Source data
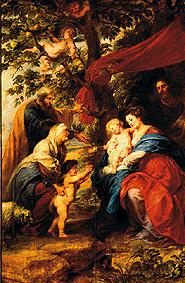 The Holy Family under the apple tree. A former wing outside's d.Ildefonso altar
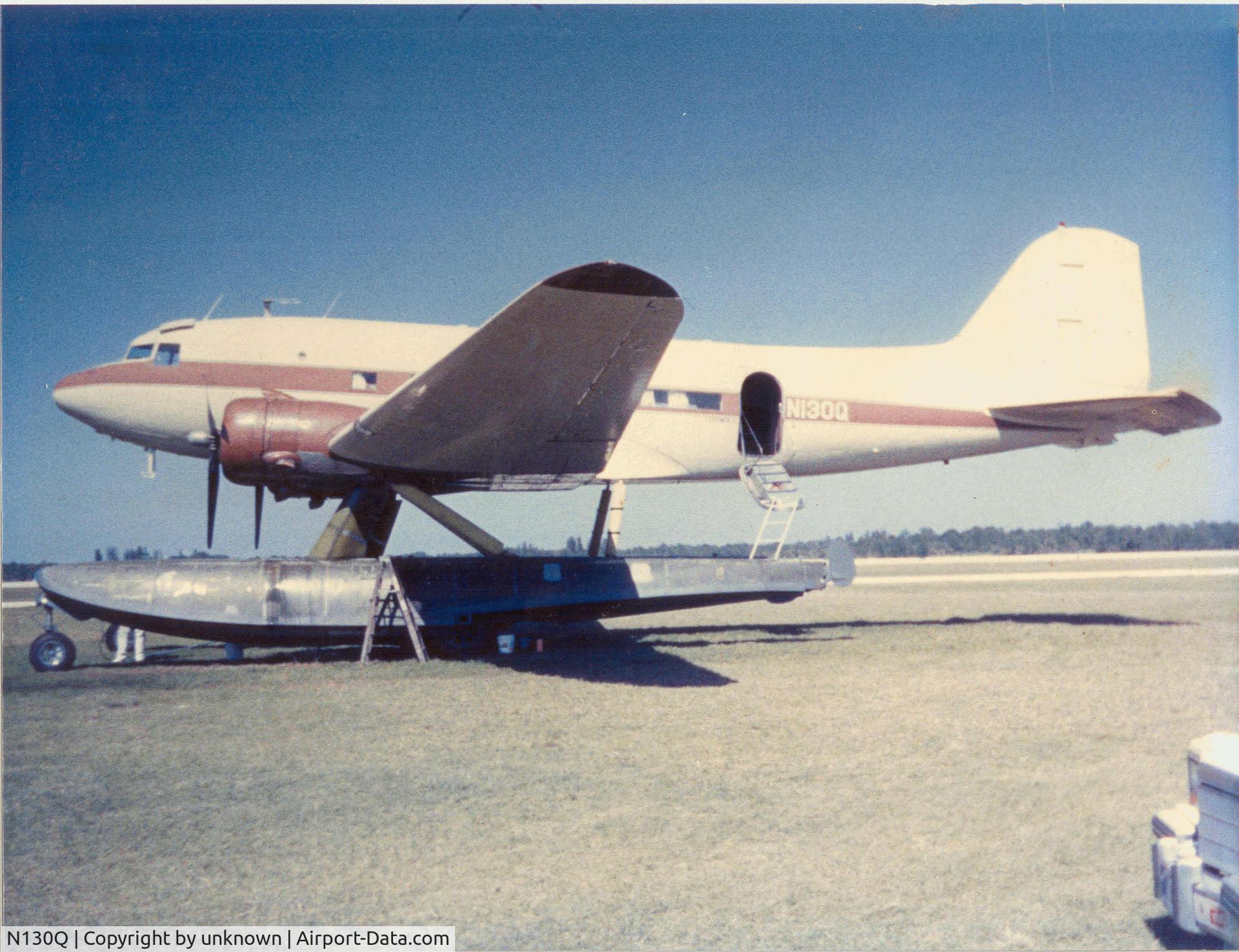 N130Q, 1943 Douglas DC-3-G202A Skytrooper C/N 11761, N130Q - Only DC-3 on Floats - At Sun 'n' Fun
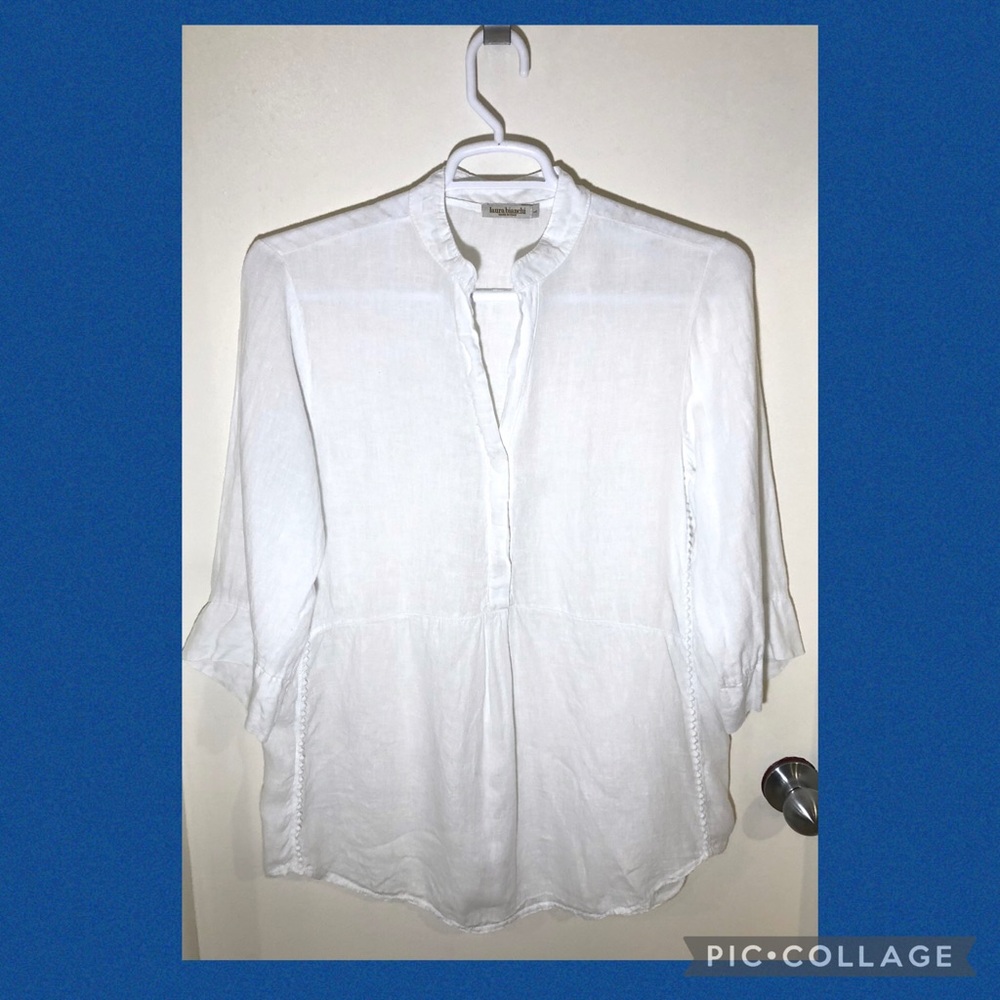 Laura Bianchi 100% Linen Tunic Top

Exercise description
Output the data above in full and exactly, with every image left out.

Written response
 The Holy Family under the apple tree. A former wing outside's d.Ildefonso altar
 N130Q, 1943 Douglas DC-3-G202A Skytrooper C/N 11761, N130Q - Only DC-3 on Floats - At Sun 'n' Fun
 Laura Bianchi 100% Linen Tunic Top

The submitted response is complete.